As for naming: maybe #[repr(inline)]? It’s analogous to inlining in that it incorporates the fields of the other type into your own, allowing the compiler to perform layout optimisations that don’t preserve the inter-type boundary; just like inlining procedure calls incorporates the callee’s body into the caller, allowing the compiler to perform code optimisation that don’t preserve the inter-procedural boundary.

(And yes, I’m kind of going back and forth on whether it should be a #[repr(...)] or an independent attribute.)

bluss · May 13, 2021, 11:34am

A per-field attribute seems like a good idea. One potential complication is the interaction with code generation - foremost the Clone (required for Copy) and Debug derives, since they assume they can take references to fields. I guess Clone does have some special cases where it doesn't care about this, though(!).

matklad · May 13, 2021, 11:49am

A use-case I specifically care about is storing a bunch of flags in a struct:

struct Fn {
  is_async: bool,
  is_const: bool,
  is_default: bool,
  is_unsafe: bool,
}

I'd love to write that as

struct Fn {
  #[pack] is_async: bool,
  #[pack] is_const: bool,
  #[pack] is_default: bool,
  #[pack] is_unsafe: bool,
}

rather that pull or hand-roll bitflags.

Soni · May 13, 2021, 12:56pm

Would something like

use std::dropper::DropFlags;
struct Fn {
  is_async: (),
  is_const: (),
  is_default: (),
  is_unsafe: (),
}
type FnBitfield = DropFlags<Fn>;

where DropFlags is a special type, solve your problem?

matklad · May 13, 2021, 1:09pm

I don't understand how that would work.
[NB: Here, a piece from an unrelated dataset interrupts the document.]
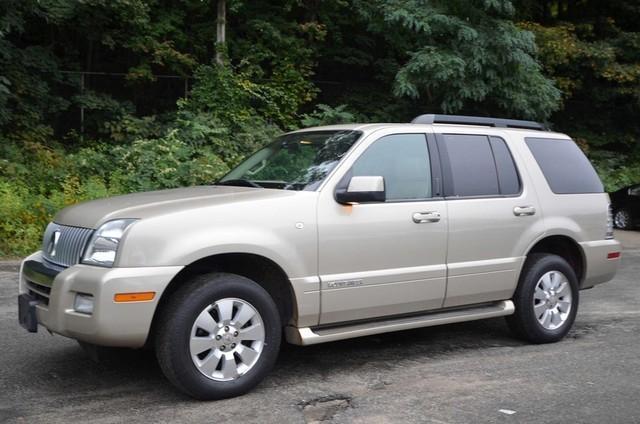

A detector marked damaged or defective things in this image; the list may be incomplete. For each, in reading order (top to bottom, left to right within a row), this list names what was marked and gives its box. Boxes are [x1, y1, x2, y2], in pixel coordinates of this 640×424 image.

cracked asphalt [0, 234, 636, 422]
Maybe I am mistaken, but I don't think a library based solution can be substantially more ergonomic than bitfalgs.

lordan · May 13, 2021, 2:54pm

In C, perhaps. In C++ they complicate the language by a stupefying degree. The amount of space required to detail all the exceptions they require in the C++ standard makes me think compiler implementers would rather prefer they don't exist.

Soni · May 13, 2021, 3:03pm

Similar to how you can have

let x: Fn;
x.is_async = ();

you'd be able to have

let x: DropFlags<Fn> = DropFlags::new();
putinto!(x, is_async, ());

with the main difference being that the latter can be moved around, even in such a partially initialized state. (with takefrom!(x, is_async) -> Option<()> to unset it.)

mcy · May 13, 2021, 5:30pm

I'm not sure that "well, WG21 got it spectacularly wrong" is a reason not to do it. =P We can do far, far better than the C++ committee here, because Rust does not have many of the... exciting features that make bitfields hard in C++.

(I have had to glare at people in the past for getting fresh with volatile uint8_t x : 4; and such.)

I think the key thing here is that you want to be able to get a reference into a flat Option<T>. I want to make it possible to perform all the compression tricks you could think of on enums, while making them mostly behave like regular enums and avoiding any unsafe union tricks.

CAD97 · May 14, 2021, 2:06am

(oh fun I'm about to suggest using ref patterns)

For this post I'm using #[flatten], but it could also be #[repr(flatten)], #[repr(inline)], or whatever else.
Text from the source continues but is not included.